From the jacket flap:
“One May night in 1861, three slaves escaped the Confederate line and rowed across the harbor to a Union-held fort. Frank Baker, James Townsend, and Shepard Mallory didn’t know what they would find across the water, but they knew it had to be better than what they left behind.
At the fort, General Benjamin Butler considered the men’s plight. The Fugitive Slave Act required him to return the runaways to their master. But what if they were declared “contraband of war”? Then the Union could claim them as enemy property—and protect them.
Frank, James, and Shepard—the Civil War’s first “contrabands”—opened the door for thousands of other runaway slaves who poured into the fort. The contrabands built a community, helped the North win the war, and learned to read under the spreading branches of the tree later known as the Emancipation Oak. This is their story—and the story of the beginning of slavery’s end.”
THEMES/TOPICS: slavery, history, courage
WHY I LIKE THIS BOOK: Oh, dear, where to start? First, Hampton, Virginia, home of Ft. Monroe and Emancipation Oak, is my hometown. Yet, before this beautiful book, I had never heard this compelling story. Second, VanHecke tells this tale in brilliant blank verse, reminding me of other historical favorites told in similar fashion, like Brian Floca’s MOONSHOT or LOCOMOTIVE. Plus, Ladd’s images have a kind of poetry too.
- UNDER THE FREEDOM TREE has its own Web site complete with Educator’s Guide and Reader’s Theater script.
- You’ll also find videos of Emancipation Oak and Pres. Obama declaring Freedom’s Fortress a national monument.
- If you visit Hampton, you can see Emancipation Oak.
- And my boys love walking Ft. Monroe. The cannons are their favorite part. The National Park Service has a page just for kids with activities related to Ft. Monroe. And don’t miss the Casemate Museum.

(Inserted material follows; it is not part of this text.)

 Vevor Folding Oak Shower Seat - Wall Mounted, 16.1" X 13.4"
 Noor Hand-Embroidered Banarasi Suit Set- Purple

You’ll find way more cool books at Susanna Leonard Hill’s “Perfect Picture Books.” Every Friday folks review a host of new books. Join us!
20 thoughts on “PPBF: UNDER THE FREEDOM TREE”
Looks really good and captivating. How neat it’s from your “stomping grounds!”
What a great story and a local one too. i’ll look out for this.
I hope your library has it.
You beat me to this one. This is one cool book. I love the history and how it is presented! And, I love true stories.
This would make such a great history lesson in a classroom coupled with information about the Emancipation Proclamation.
Looking forward to finding this one. The illustrator’s name had me chuckling though!
Oh, Julie….. 🙂
Great review. Historical fiction, my kind of book. Thanks Kirsten.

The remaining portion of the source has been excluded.